We had three more days there and they all turned out to be a lot of fun. The next day Kathy and John and Dale Sr. and I had lunch at Nick's Oyster Bar. We had to wait a while for a sit but John said he really enjoyed watching the parking valets trying to fit all the cars in to the cramped parking lot.
| Views from Nick's Oyster Bar windows |
| Dale Sr. at NIck's Oyster Bar |
| Kathy and mussels |
| My lunch |
| (After seeing this photo, I decided to buy some different sunglasses for Mariah's wedding) |
That night we had spaghetti for diner and sat up late talking and joking.
The next day was sunny also. John showed me some better guitar techniques which didn't look all that more difficult (though when I feel like singing I just feel like singing and go back to the same strums I've always done). We also started packing up as the following morning we would be checking out.
The following day we had dinner at Madelyn and Joe's. She made tacos with a whole selection of toppings.
| Madelyn's cat |
| Such a peaceful, pastoral view from Madelyn and Joe's window |
| Corner of Joe and Madelyn's |
| Madelyn heating up tortillas |
blah
| Kathy helping out |
| Madelyn's busy calendar |
The next morning we finished packing up. Madelyn had given us directions to a bus line which would take me straight from Petaluma to the airport (either SF or Oakland). Dale Sr. was continuing up to the Northwest but I was flying home.
We did have a lot of leftovers!
As Dale Sr. drove me down towards Petaluma, I made a remark that despite the unpleasantness it had turned out to be a nice weekend.
"I read the contract this morning," he said vehemently, and it was very clear: Only. Five. People. At. Any One Time, Day. Or. Night."

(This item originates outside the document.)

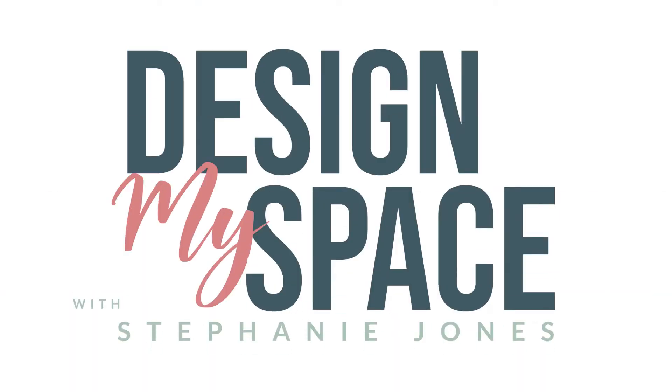Hello, welcome. I am Stephanie with Design My Space. If you're new here, my husband and I have a show called Busted Cribs where we renovate houses and make them new again. I do the design and he's the contractor. We've had so many people write in or message me asking what I would do with their space, so I decided to do my own segment where I design your spaces.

He was right of course, but I felt that I felt bad enough already without his weighing in about how stupid I'd been. But I knew instinctively that the best thing for me to do was to bite my lip. I could see that he had been extremely embarrassed by the whole incident, but had kept silent until it was just the two of us...so he needed to express how upset he was. Understandable in retrospect. The two of us rode on in silence, until he asked if I'd like to stop at Starbuck's and get a coffee to go.
I was reminded of the line from the Jackson Browne song, "Don't confront me with failings, I am quite aware of them."
The bus service to the airports was very well run, a good thing to know about.
(Post-script)
On the plane I found a paragraph in an article in the airport magazine which made me feel better about the whole beach-house rental mistake. It was a quote from a young actress, Jenny Slate, in answer to the question, "What has showbiz taught you?"
"One of the first big jobs I had was with Saturday Night Live and I got fired. It was embarrassing and sad, but it was also one of the best things that ever happened to me. If you fail publicly and label it as a failure, you set yourself up for humiliation. That's fine if you feel the heat for a moment and use it to lift yourself up again, but you also have to realize that those labels are useless, and it's a very unkind thing to do to yourself. Acceptance is absolutely wonderful, but rejection allows you to reorient yourself and make sure your sense of self comes from within, rather than whatever community you feel yourself accepted or rejected by."